The New York Times has an article by John Noble Wilford on Sequoyah, the inventor of the Cherokee script today; in the online version, the Cherokee text that appears in the article – maybe the first Cherokee to have appeared in the Times? – seems to have fallen out. It should look like this:
By some accounts, Sequoyah was a kind of Professor Henry Higgins who enlisted family members who had sharper ears for discriminating distinct sounds. They helped him divide spoken words into their constituent sounds, and to each sound he assigned a symbol drawn mostly, it is said, from an English spelling book. In the script, for example, Sequoyah’s own name reads:
ᏎᏉᏯThe 15 characters on the cave wall —
Ꭱ,Ꭴ,Ꮇ,Ꮨ,Ꮹ
Ꮰ,Ꮋ,Ꮴ,Ꭵ,Ꮊ,Ꮶ,Ꭹ,Ꮗ,Ꮀ,Ꮻ— do not spell any words. “They read almost like ABCs,” Dr. Tankersley said in the magazine article, suggesting that someone taught by Sequoyah may have been “practicing drawing them out just as we would practice our ABCs.”

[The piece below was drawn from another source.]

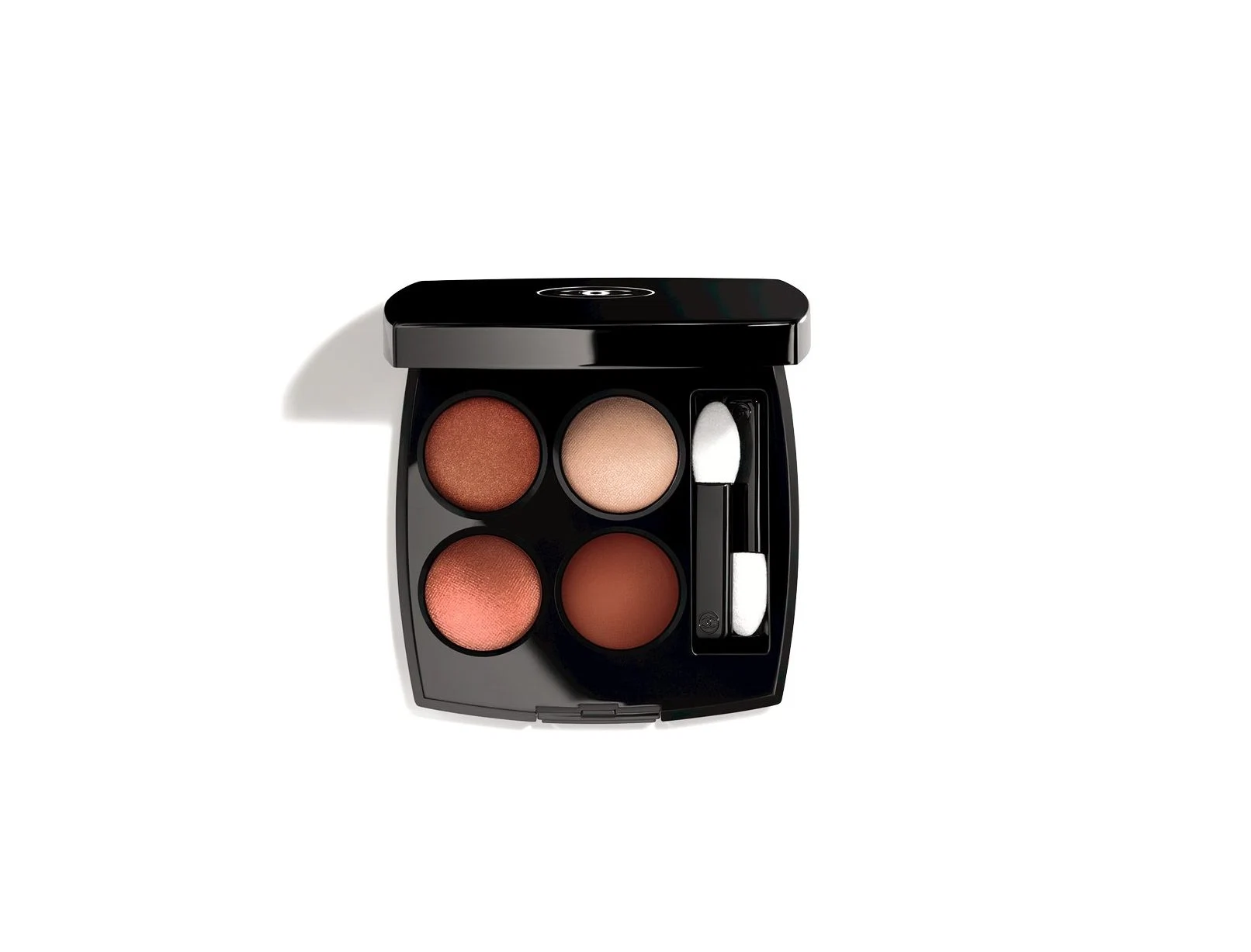 Chanel Les Ombres Eyeshadow in Bouquet Ambre, €53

(You’ll probably need Plantagenet Cherokee (standard with OS X; or see here) active to see the Cherokee text. The Times also seems to have used a Roman “G” rather than “Ꮹ,” Cherokee letter wa. Sequoyah’s invention of the Cherokee script, the article notes, might be “the only known instance of an individual’s single-handedly creating an entirely new system of writing.”)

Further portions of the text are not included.